___ EXERCISE MATERIALS

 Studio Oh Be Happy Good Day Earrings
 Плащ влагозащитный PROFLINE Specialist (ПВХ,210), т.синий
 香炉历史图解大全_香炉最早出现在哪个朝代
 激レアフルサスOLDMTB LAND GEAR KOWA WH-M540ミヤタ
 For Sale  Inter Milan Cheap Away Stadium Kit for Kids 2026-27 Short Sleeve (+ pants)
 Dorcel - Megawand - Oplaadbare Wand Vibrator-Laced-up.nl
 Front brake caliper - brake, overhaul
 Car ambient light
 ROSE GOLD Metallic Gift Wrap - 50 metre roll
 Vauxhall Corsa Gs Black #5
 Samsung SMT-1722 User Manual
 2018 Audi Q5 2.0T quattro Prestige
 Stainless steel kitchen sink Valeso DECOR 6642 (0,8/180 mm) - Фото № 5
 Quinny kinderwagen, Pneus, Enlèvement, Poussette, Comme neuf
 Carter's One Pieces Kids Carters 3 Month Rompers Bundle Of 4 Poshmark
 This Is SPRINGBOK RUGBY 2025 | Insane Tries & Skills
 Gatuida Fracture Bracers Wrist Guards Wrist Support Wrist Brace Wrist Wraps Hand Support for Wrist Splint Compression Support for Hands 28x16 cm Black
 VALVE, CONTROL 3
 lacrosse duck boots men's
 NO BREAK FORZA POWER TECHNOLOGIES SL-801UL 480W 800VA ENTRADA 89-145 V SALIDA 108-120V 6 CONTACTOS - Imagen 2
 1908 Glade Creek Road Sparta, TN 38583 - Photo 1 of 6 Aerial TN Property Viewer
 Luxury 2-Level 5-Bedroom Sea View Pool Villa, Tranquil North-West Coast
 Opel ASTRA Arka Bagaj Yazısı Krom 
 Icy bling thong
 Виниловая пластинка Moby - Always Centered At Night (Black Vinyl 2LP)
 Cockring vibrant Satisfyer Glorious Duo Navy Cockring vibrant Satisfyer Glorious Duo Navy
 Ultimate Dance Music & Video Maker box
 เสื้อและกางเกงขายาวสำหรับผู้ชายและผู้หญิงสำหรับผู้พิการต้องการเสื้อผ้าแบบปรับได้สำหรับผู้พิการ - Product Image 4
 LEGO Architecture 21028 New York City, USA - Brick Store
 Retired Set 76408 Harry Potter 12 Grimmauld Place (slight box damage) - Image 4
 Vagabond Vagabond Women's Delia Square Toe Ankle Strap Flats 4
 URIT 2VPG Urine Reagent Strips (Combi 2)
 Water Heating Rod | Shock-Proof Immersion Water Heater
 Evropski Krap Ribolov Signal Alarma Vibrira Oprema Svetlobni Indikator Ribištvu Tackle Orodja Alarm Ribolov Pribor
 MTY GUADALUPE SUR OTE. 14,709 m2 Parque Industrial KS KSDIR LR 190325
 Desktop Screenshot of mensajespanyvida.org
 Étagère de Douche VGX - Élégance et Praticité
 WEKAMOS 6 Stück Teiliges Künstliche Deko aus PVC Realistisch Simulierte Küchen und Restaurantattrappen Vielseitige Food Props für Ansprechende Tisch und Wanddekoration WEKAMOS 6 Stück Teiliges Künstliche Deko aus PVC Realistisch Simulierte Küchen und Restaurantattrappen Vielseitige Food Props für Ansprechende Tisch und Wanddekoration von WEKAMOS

______

WHAT IS BEING ASKED ▸
Every entry should be output exactly as written, please.

SOLUTION TO THIS TASK ▸
 Studio Oh Be Happy Good Day Earrings
 Плащ влагозащитный PROFLINE Specialist (ПВХ,210), т.синий
 香炉历史图解大全_香炉最早出现在哪个朝代
 激レアフルサスOLDMTB LAND GEAR KOWA WH-M540ミヤタ
 For Sale  Inter Milan Cheap Away Stadium Kit for Kids 2026-27 Short Sleeve (+ pants)
 Dorcel - Megawand - Oplaadbare Wand Vibrator-Laced-up.nl
 Front brake caliper - brake, overhaul
 Car ambient light
 ROSE GOLD Metallic Gift Wrap - 50 metre roll
 Vauxhall Corsa Gs Black #5
 Samsung SMT-1722 User Manual
 2018 Audi Q5 2.0T quattro Prestige
 Stainless steel kitchen sink Valeso DECOR 6642 (0,8/180 mm) - Фото № 5
 Quinny kinderwagen, Pneus, Enlèvement, Poussette, Comme neuf
 Carter's One Pieces Kids Carters 3 Month Rompers Bundle Of 4 Poshmark
 This Is SPRINGBOK RUGBY 2025 | Insane Tries & Skills
 Gatuida Fracture Bracers Wrist Guards Wrist Support Wrist Brace Wrist Wraps Hand Support for Wrist Splint Compression Support for Hands 28x16 cm Black
 VALVE, CONTROL 3
 lacrosse duck boots men's
 NO BREAK FORZA POWER TECHNOLOGIES SL-801UL 480W 800VA ENTRADA 89-145 V SALIDA 108-120V 6 CONTACTOS - Imagen 2
 1908 Glade Creek Road Sparta, TN 38583 - Photo 1 of 6 Aerial TN Property Viewer
 Luxury 2-Level 5-Bedroom Sea View Pool Villa, Tranquil North-West Coast
 Opel ASTRA Arka Bagaj Yazısı Krom 
 Icy bling thong
 Виниловая пластинка Moby - Always Centered At Night (Black Vinyl 2LP)
 Cockring vibrant Satisfyer Glorious Duo Navy Cockring vibrant Satisfyer Glorious Duo Navy
 Ultimate Dance Music & Video Maker box
 เสื้อและกางเกงขายาวสำหรับผู้ชายและผู้หญิงสำหรับผู้พิการต้องการเสื้อผ้าแบบปรับได้สำหรับผู้พิการ - Product Image 4
 LEGO Architecture 21028 New York City, USA - Brick Store
 Retired Set 76408 Harry Potter 12 Grimmauld Place (slight box damage) - Image 4
 Vagabond Vagabond Women's Delia Square Toe Ankle Strap Flats 4
 URIT 2VPG Urine Reagent Strips (Combi 2)
 Water Heating Rod | Shock-Proof Immersion Water Heater
 Evropski Krap Ribolov Signal Alarma Vibrira Oprema Svetlobni Indikator Ribištvu Tackle Orodja Alarm Ribolov Pribor
 MTY GUADALUPE SUR OTE. 14,709 m2 Parque Industrial KS KSDIR LR 190325
 Desktop Screenshot of mensajespanyvida.org
 Étagère de Douche VGX - Élégance et Praticité
 WEKAMOS 6 Stück Teiliges Künstliche Deko aus PVC Realistisch Simulierte Küchen und Restaurantattrappen Vielseitige Food Props für Ansprechende Tisch und Wanddekoration WEKAMOS 6 Stück Teiliges Künstliche Deko aus PVC Realistisch Simulierte Küchen und Restaurantattrappen Vielseitige Food Props für Ansprechende Tisch und Wanddekoration von WEKAMOS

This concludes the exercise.